During my time serving in Australia, Missionary Don Winans taught me a very important lesson about ministry, and work-ethic. We were doing some projects and running a bit behind so I began trying to get them done as quickly as possible. He turned to me and said “That’s a ‘That’ll do’ job” (short for that will do).
I understood what he meant of course. A “that will do” job focuses on accomplishing as many things as possible during the day by emphasizing quantity (how many things get done) instead of quality (how well the job is done). Of course the name comes from doing as little as possible to get the problem fixed, then saying “that will do.”

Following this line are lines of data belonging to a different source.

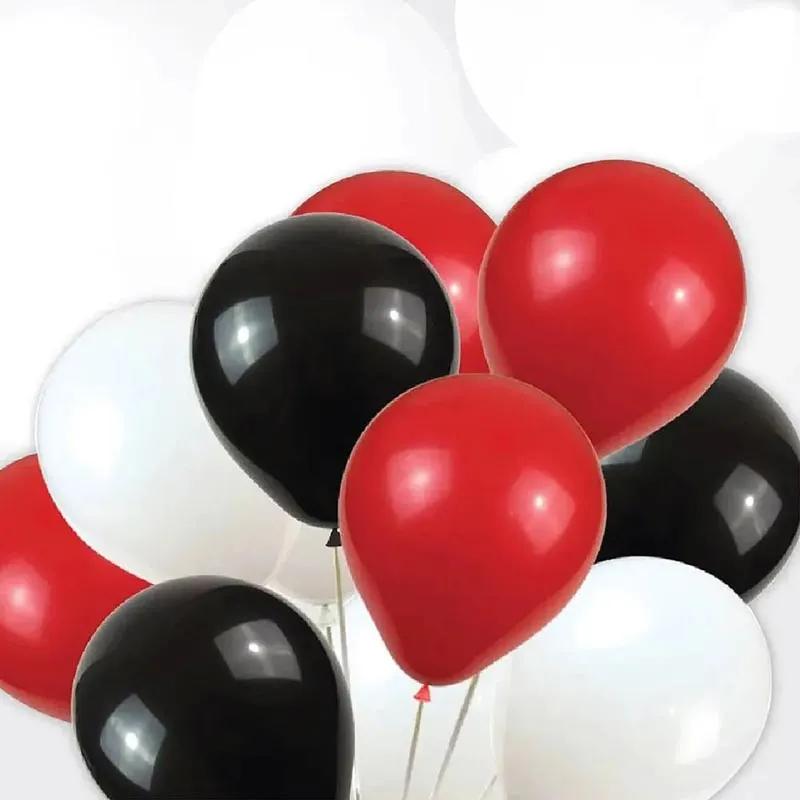 Black White N Red Helium Balloons 12 Pcs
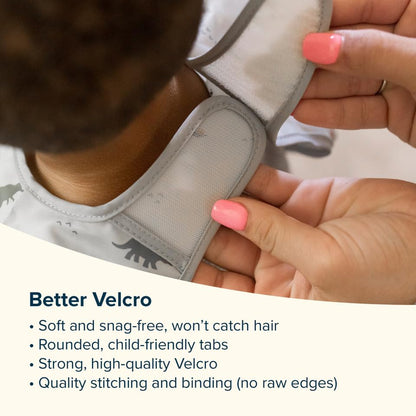 Tiny Twinkle Mess Proof Baby Bib,Waterproof Smock Baby Bib for Eating,Machine Washable Long Sleeve Bib,Baby Led Weaning,Toddler Bib,BLW Supplies(Checkers Sage, Small 6-24 Months)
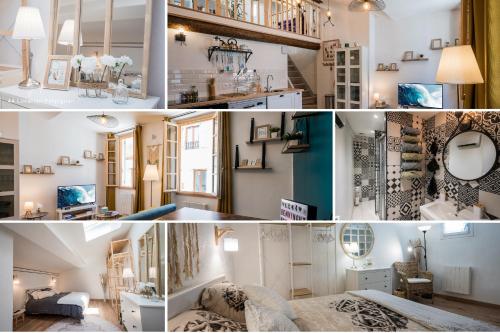 un collage de photos d'une chambre et d'un salon dans l'établissement "Le 44", immeuble de 2 logements neufs, garage pour le F2 uniquement, à Perpignan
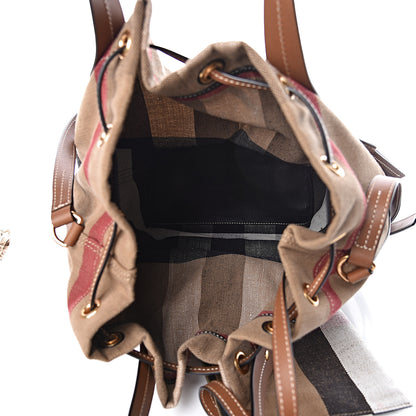 Burberry Canvas House Check Medium Bucket Tan 6 of 10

That will do jobs aren’t really sinful….
but they are incredibly dangerous because we embrace being average (or just good enough) instead of excellence
Doing a job the right way with excellece is difficult
- It takes time
- It takes lots of HARD WORK
- And it usually involves spending lots of money
- It’s just easier to do things the average way
However the problem with the “that will do jobs” is they don’t last for long. Soon you will be doing the same job a second time (or third) and end up working HARDER than you would with the excellent job.
Though the average job is easier in the short-term, doing things the right way will bless you more in the long run.
I recently had some body work done on my vehicle because of a minor scrape-up. Some friends encouraged me to have him do body work on the entire car, smoothing out dings or dents and scratches. Then another brought up the idea of getting a new paint job. Parts of my car (the hood especially) had severely faded areas from paint, so both of those jobs definitely needed to be done.
There was no question the complete body work and paint job were necessary. But that would be a BIG job, which meant I’d be without my car for an extended period of time. Part of me wanted to choose the “that will do” job by just having a small area of the body work finished. But my heart knew putting in the time, and effort to get the whole job done was better long-term.
It took over three-weeks to get my car back!
But it’s worth it!!!
Looking at the vehicle that looks better than it was when I bought it, I’m reminded doing things the right way (often the hard way) is better. And I am incredibly thankful Don Winans and others who taught me “that’l do jobs” rarely work well.